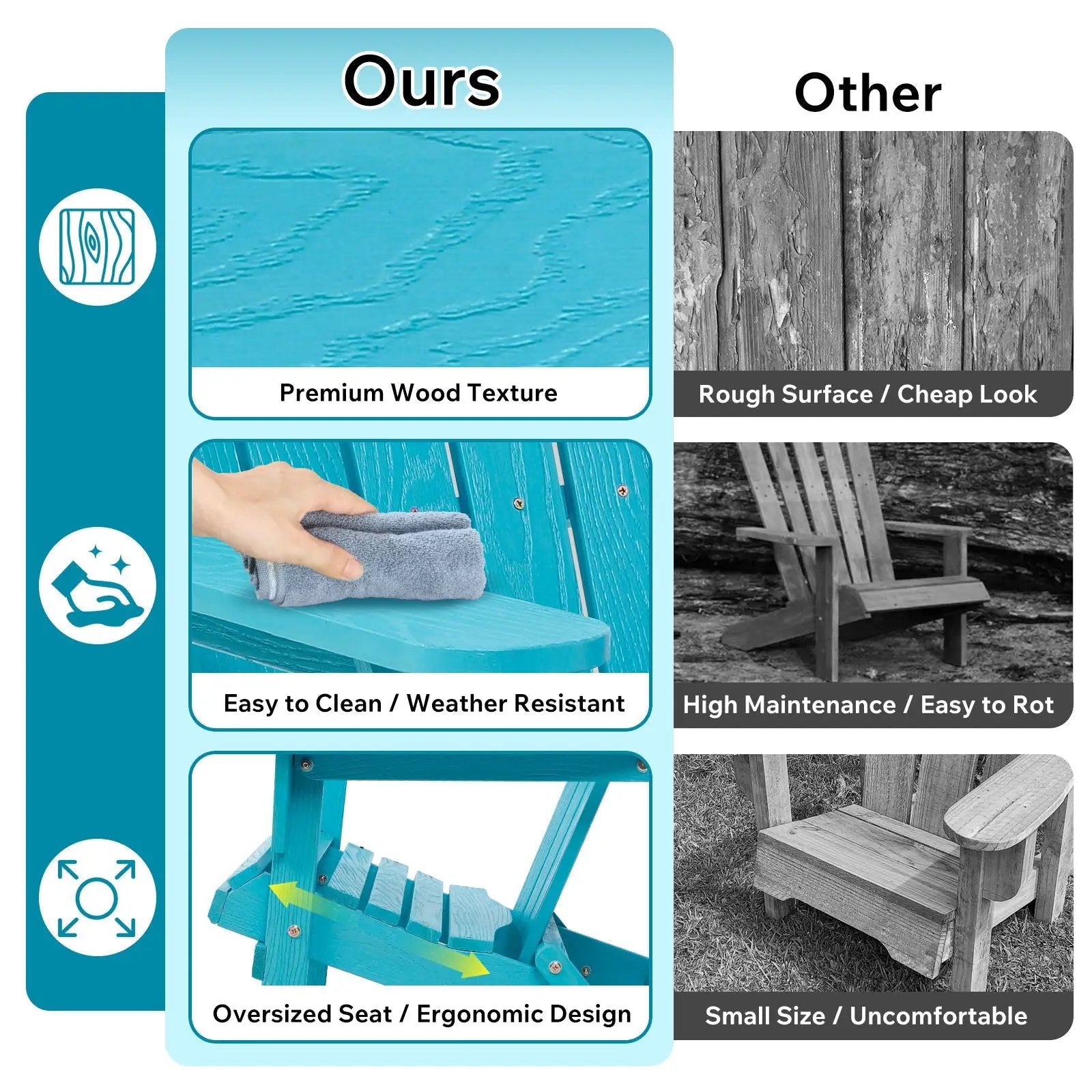 Outdoor Folding Adirondack Chair Patio With Natural Grain Texture - Turquoise Blue by Unique Piece Furniture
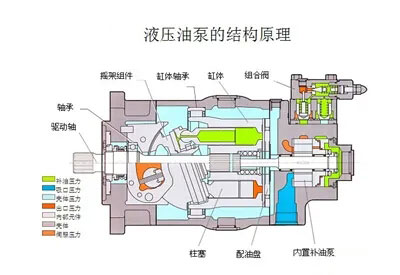 液壓油泵和電機是液壓系統(tǒng)的重要組成部分，液壓系統(tǒng)選擇多大流量的液壓油泵？選擇多大功率的電機？它們之間有什么關(guān)系？下面朝日液壓為你答疑解惑，詳情往下看吧！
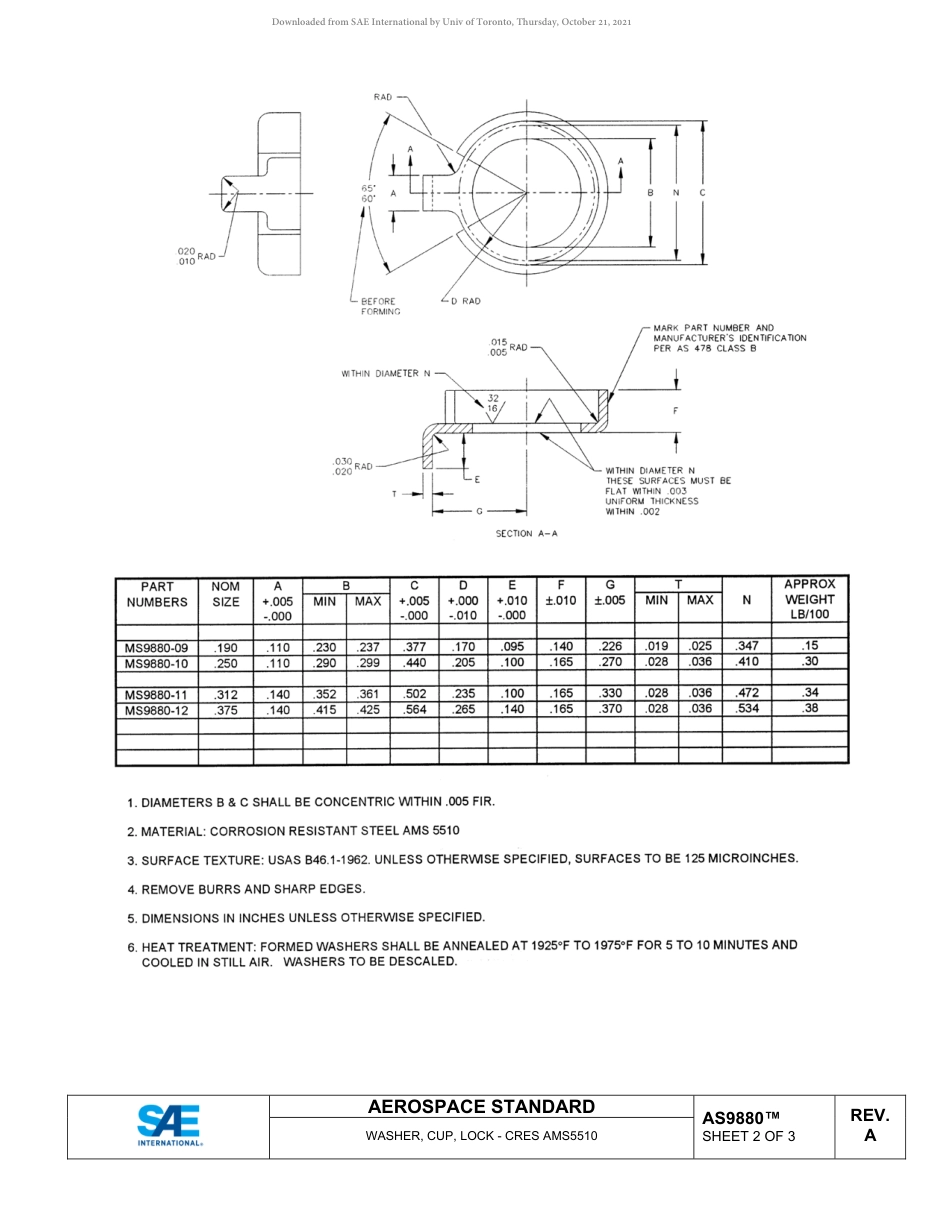 SAE AS9880A-2019.pdf_第3页
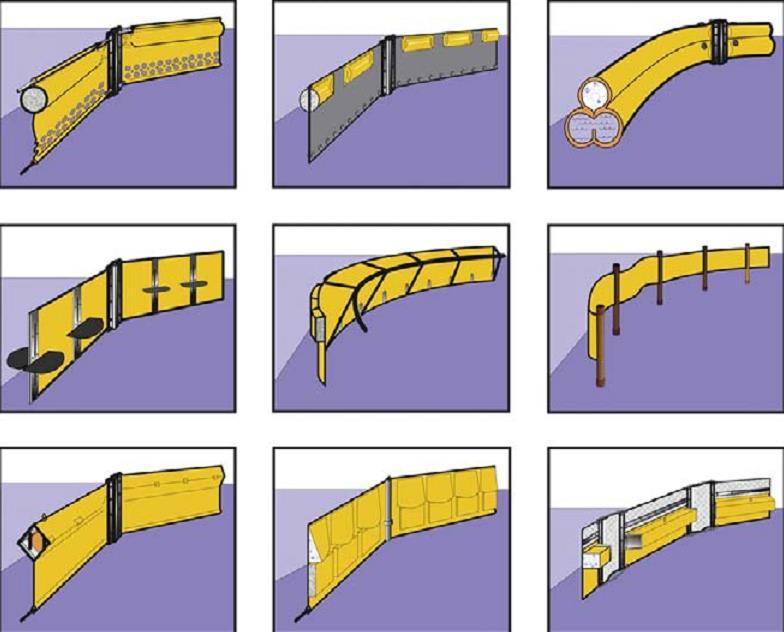 Booms Containment or deflection of oil slick Types: - Fence booms - Curtain booms2,3 - External tension member boom - Special types:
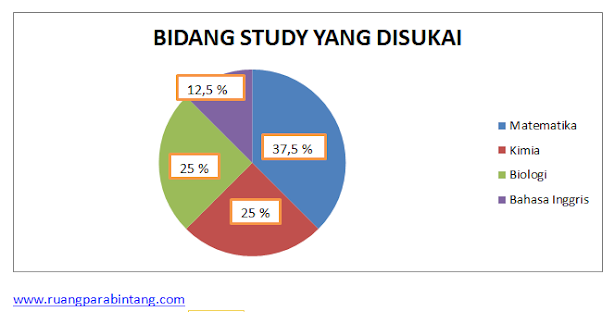 Materi Kelas 12 Mm Wajib Pengertian Statistika Contoh Soal Dan Pembahasan Soal Utbk Sbmptn Ruang Para Bintang Berbagi Informasi Tentang Ptn Dan Pembahasan Soal Soal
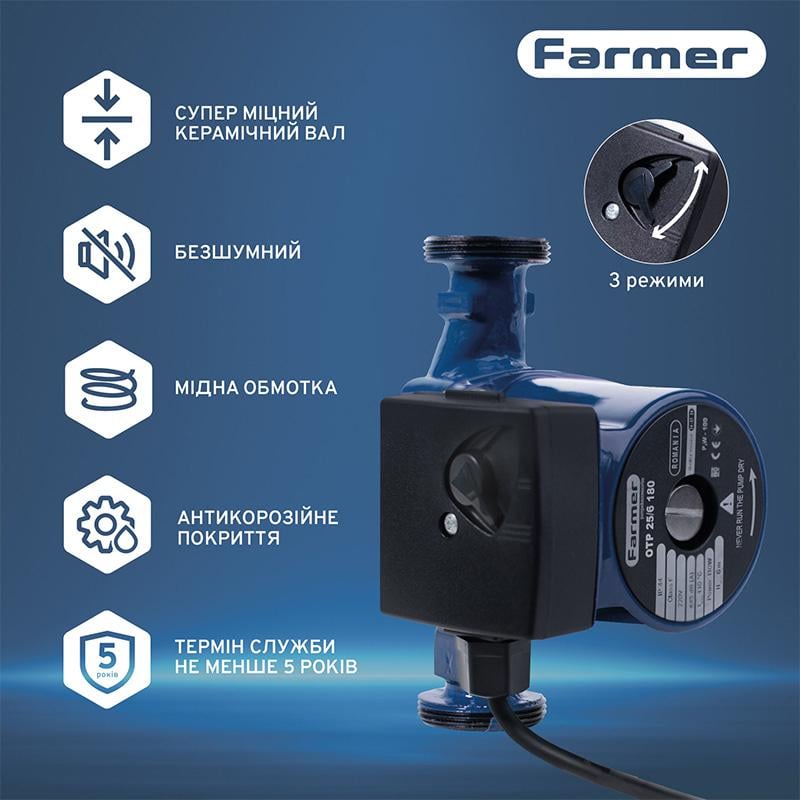 Насос циркуляционный Farmer 25/6-180 110 кВт H 6 м Q 50 л/мин - фото 2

Requirement: Please transcribe exactly the part of the records that opens with the line containing "液壓油泵和電機是液壓系統(t" and closes with the line containing "Booms Containment or", both ends included, and leave out the pictures.

The completed task:
 液壓油泵和電機是液壓系統(tǒng)的重要組成部分，液壓系統(tǒng)選擇多大流量的液壓油泵？選擇多大功率的電機？它們之間有什么關(guān)系？下面朝日液壓為你答疑解惑，詳情往下看吧！
 SAE AS9880A-2019.pdf_第3页
 Booms Containment or deflection of oil slick Types: - Fence booms - Curtain booms2,3 - External tension member boom - Special types:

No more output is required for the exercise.